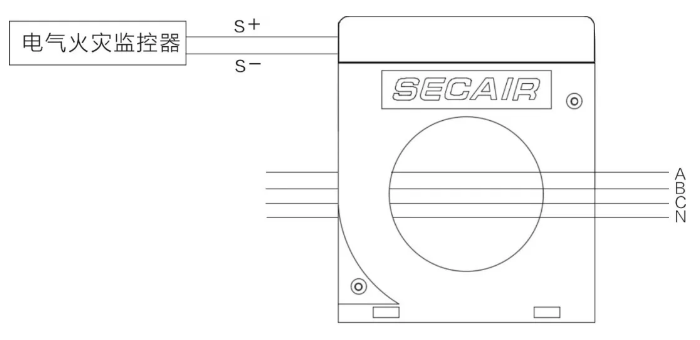 J-SCM41(160)剩余電流式<a href=http://www.hxydcho.com/dianqihuozai/ target=_blank class=infotextkey>電氣火災監(jiān)控</a>探測器接線圖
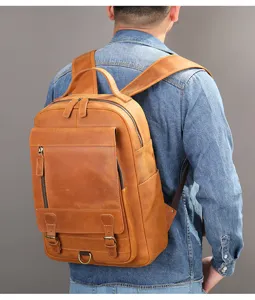 Sac à dos vintage en cuir véritable pour homme, grand sac d'ordinateur d'affaires marron élégant.
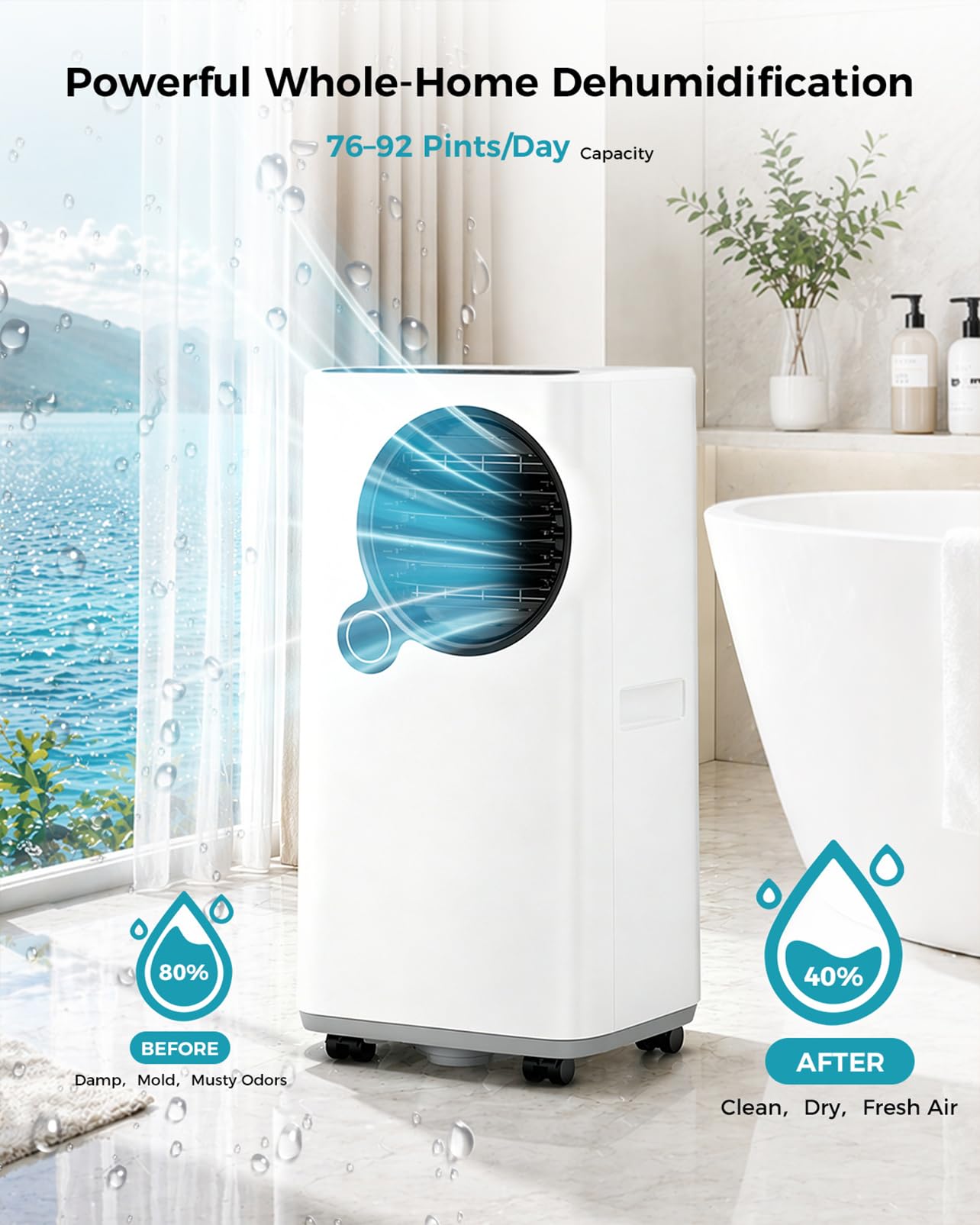 Portable Air Conditioners 16000 BTU 6-in-1 Smart AC Unit with WiFi App for Large Rooms up to 750 Sq. Ft., Quiet 45dB Sleep Mode 24H, Child Lock, Dehumidifier Fan, Perfect for Bedroom Home Office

□ □ □ □ □

> [Assignment]
Each line of the data above needs to be retyped as it is, without any picture.

> [Output for this exercise]
 J-SCM41(160)剩余電流式<a href=http://www.hxydcho.com/dianqihuozai/ target=_blank class=infotextkey>電氣火災監(jiān)控</a>探測器接線圖
 Sac à dos vintage en cuir véritable pour homme, grand sac d'ordinateur d'affaires marron élégant.
 Portable Air Conditioners 16000 BTU 6-in-1 Smart AC Unit with WiFi App for Large Rooms up to 750 Sq. Ft., Quiet 45dB Sleep Mode 24H, Child Lock, Dehumidifier Fan, Perfect for Bedroom Home Office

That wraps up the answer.